● **Directions for this task**: Take every line from the records below that includes the word "Floral".

[Records contained in a dataset]
•••••
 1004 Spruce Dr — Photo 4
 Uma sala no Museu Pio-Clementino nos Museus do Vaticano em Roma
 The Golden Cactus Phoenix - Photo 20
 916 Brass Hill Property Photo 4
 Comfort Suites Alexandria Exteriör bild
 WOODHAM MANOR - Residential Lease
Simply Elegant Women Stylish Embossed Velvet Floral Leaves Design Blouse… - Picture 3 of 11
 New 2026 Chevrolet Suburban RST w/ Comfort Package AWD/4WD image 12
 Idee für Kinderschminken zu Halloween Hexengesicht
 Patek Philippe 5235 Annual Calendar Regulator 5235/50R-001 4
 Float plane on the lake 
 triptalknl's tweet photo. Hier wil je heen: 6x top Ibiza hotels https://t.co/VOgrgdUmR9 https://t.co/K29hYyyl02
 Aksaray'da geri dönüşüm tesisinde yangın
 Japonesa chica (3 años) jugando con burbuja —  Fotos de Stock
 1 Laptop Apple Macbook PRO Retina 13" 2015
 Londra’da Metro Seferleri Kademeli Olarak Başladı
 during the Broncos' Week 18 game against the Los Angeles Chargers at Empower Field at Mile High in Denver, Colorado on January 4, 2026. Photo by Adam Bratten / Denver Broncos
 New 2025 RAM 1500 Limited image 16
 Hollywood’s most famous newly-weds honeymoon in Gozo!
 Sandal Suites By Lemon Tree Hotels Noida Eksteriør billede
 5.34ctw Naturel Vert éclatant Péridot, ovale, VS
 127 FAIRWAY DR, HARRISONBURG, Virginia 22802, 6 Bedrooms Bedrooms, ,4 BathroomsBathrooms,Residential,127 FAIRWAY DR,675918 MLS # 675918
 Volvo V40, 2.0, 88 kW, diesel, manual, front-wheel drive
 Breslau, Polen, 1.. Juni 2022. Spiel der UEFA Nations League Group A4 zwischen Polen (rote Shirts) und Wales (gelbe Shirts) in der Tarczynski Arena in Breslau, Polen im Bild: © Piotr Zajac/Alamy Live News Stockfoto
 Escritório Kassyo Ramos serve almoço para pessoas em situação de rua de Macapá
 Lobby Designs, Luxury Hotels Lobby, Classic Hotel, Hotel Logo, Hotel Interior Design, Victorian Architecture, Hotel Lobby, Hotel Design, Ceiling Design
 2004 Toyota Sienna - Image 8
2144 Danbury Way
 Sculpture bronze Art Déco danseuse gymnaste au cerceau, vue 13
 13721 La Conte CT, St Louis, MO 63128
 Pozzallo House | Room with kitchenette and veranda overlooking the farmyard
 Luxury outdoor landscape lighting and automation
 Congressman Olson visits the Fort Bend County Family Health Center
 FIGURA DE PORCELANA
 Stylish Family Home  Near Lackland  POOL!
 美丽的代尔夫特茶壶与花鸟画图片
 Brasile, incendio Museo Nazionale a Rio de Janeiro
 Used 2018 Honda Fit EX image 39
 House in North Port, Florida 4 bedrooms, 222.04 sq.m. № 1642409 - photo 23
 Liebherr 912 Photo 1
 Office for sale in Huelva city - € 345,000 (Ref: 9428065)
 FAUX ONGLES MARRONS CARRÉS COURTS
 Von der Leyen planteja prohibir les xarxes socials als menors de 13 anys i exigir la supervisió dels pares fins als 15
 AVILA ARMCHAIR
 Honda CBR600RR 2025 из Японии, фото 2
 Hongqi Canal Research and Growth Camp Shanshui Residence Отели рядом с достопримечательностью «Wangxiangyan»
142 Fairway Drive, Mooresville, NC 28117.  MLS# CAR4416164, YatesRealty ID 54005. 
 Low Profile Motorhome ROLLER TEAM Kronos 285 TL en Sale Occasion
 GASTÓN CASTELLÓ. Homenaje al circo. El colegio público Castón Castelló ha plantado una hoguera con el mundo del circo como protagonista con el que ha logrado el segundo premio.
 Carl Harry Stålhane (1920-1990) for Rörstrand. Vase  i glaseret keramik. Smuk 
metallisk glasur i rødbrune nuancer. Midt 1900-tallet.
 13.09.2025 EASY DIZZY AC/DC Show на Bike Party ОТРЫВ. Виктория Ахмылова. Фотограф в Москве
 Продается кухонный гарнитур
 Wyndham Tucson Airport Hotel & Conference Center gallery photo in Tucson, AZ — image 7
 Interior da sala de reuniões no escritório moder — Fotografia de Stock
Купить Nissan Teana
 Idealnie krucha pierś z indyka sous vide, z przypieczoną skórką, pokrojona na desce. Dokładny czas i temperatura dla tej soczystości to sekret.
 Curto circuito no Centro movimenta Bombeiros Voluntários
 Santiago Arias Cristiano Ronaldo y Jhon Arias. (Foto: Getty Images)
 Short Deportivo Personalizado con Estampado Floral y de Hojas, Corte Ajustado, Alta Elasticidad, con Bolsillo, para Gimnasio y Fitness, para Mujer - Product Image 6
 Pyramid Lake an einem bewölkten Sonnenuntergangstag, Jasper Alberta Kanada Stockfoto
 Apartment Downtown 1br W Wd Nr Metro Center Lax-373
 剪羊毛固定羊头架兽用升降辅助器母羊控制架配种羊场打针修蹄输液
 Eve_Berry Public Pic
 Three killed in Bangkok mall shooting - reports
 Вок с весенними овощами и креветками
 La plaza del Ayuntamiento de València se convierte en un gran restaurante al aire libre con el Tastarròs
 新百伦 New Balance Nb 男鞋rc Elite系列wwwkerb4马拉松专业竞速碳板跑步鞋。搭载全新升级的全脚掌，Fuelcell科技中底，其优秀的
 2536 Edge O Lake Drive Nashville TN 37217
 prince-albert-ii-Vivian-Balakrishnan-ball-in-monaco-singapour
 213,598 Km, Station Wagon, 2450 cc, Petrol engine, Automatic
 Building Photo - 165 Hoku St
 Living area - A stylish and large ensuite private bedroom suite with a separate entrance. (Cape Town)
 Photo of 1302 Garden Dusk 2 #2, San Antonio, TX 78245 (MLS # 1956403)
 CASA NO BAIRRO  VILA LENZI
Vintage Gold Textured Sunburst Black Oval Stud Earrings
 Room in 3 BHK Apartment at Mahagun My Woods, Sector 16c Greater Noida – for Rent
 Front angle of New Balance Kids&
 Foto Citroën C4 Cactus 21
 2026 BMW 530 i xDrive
•••••
● **Reply to the exercise**:
Simply Elegant Women Stylish Embossed Velvet Floral Leaves Design Blouse… - Picture 3 of 11
 Short Deportivo Personalizado con Estampado Floral y de Hojas, Corte Ajustado, Alta Elasticidad, con Bolsillo, para Gimnasio y Fitness, para Mujer - Product Image 6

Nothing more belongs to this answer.